N ous allons vous entretenir de ce que nous avons vécu au camp pénal de Bouaké où le père Joseph est venu, et qui a demandé aux détenus, en les mettant autour de lui, en se donnant les mains, de s’unir pour lutter contre cette misère dans laquelle ils vivaient.

Un détenu, quand il devait sortir, il sortait avec la chaîne aux pieds. Et même pour aller se faire soigner, tu devais sortir avec la chaîne aux pieds.

Les détenus se demandaient comment allons-nous faire pour nous unir, alors que toute la vie dans la prison consistait à s’enfoncer les uns les autres. L’amitié, c’était pas possible. Il y avait la suspicion, l’extrême violence, tout le monde marchait avec son couteau, tout le monde se méfiait de tout le monde. Comment on peut s’unir dans ces conditions ?

Père Joseph est parti, mais il y avait là la sœur Simone. Sœur Simone a dit qu’il y avait au sein du Mouvement des clubs du savoir, ces clubs se voulaient être un lieu de partage de savoir. “Voilà, que ceux qui connaissent quelque chose apprennent à ceux qui ne connaissent pas”.

On se demandait mais, qu’est-ce qu’on a à apprendre en prison ici ? On cherche à manger, à vivre.

La sœur Simone a amené la craie, et puis ils ont commencé, sur les murs, à apprendre et même sur les portes, dans les cellules, à apprendre à lire çà ceux qui savaient pas lire.
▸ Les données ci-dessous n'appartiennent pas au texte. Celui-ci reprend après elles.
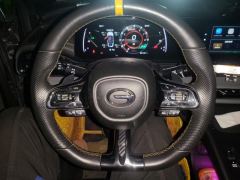 GAC Chuanqi Shadow Leopard 270T Dual Clutch J15 Edition - ფოტო 6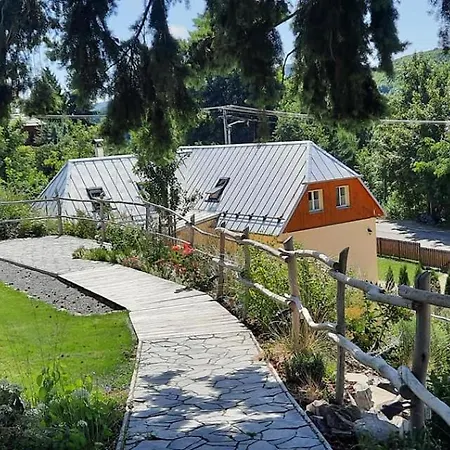 Szálloda Boutique Siglisberg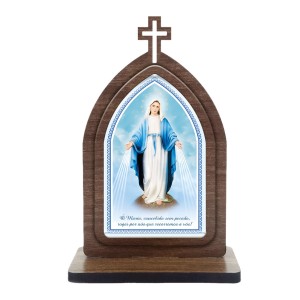 CAPELA NOSSA SENHORA DAS GRAÇAS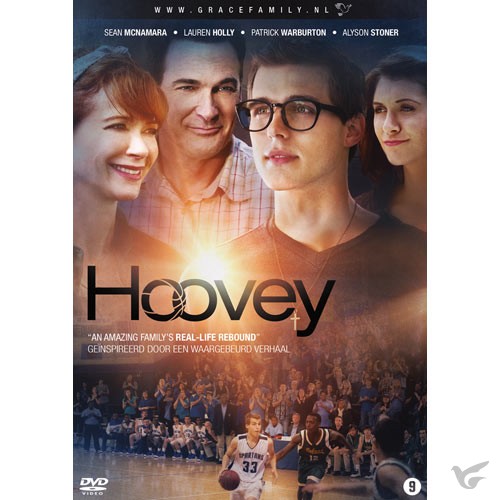 Productafbeelding: voorkant van Hoovey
D’autres sont venus : « Ah, moi je sais faire du théâtre ». La misère, elle a ça de terrible qu’elle déforme l’homme.Tu deviens comme une bête.

Et plus le club grandissait, plus l’unité grandissait et c’est à travers ce quotidien, avec la soeur Simone, avec les volontaires qui venaient, que nous avons commencé à comprendre vraiment le père Joseph.
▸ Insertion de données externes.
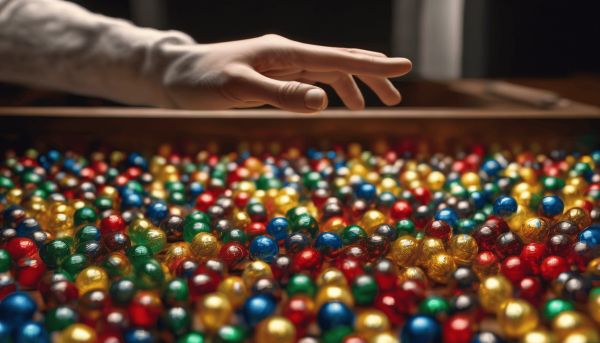 Quelle est la probabilité de gagner au loto : comprendre les chances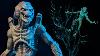 Critique De La Figurine D'action Deluxe Pumpkinhead 1/12 De Syndicate Collectibles
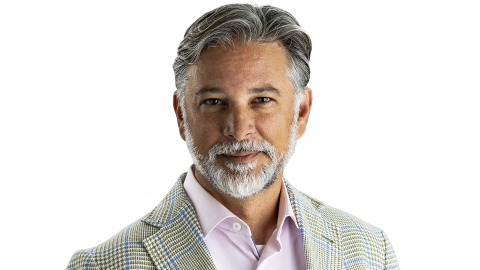 Clay Grayson, attorney in Mount Pleasant, SC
Après l’alphabétisation, le théâtre, d’autres sont venus, ils ont commencé à faire de la sculpture: « Ah, c’est ce que moi je faisais en ville », alors la sœur Simone ramassait du bois et lui disait de commencer à sculpter. Elle nous demandait toujours de donner le meilleur de nous mêmes. Ça, on ne le comprenait pas souvent….« c’est en faisant de belles choses que vous serez considérés. »

Ce club du savoir a fait la démonstration que quand les gens se mettent ensemble, les choses peuvent changer.

Soeur Simone a gagné le coeur des hommes un à un. Au niveau de l’Église, des médecins, de l’hôpital, au niveau des habitants du quartier. Elle les invitait à venir vers nous, pas pour nous donner à manger ou nous faire des cadeaux, mais tout simplement pour échanger avec nous, nous respecter.

La Ministre de la justice, Jacqueline Oble, est venue à la prison. Et la soeur lui a montré une sculpture que Soro avait fait. La Ministre a dit : “C’est beau ça”. C’est ainsi que la sculpture a été installée à la basilique Notre Dame de Yamoussouko. Cela faisait l’honneur des détenus, ça faisait l’honneur des surveillants, l’honneur de l’Église de Bouaké…et ça faisait l’honneur du pays.

C’est à partir de là que le regard de l’administration pénitentiaire a changé, le regard des autorités a changé, le regard des surveillants a changé. Nous-mêmes, on a commencé à croire en nous.

Depuis, chaque année, il y a un pèlerinage qui rassemble des chrétiens, des musulmans… toutes religions confondues. C’est une grande fierté pour nous de savoir que tous les gestes que nous avons posés, cette solidarité que nous avons bâtie, elle vit toujours.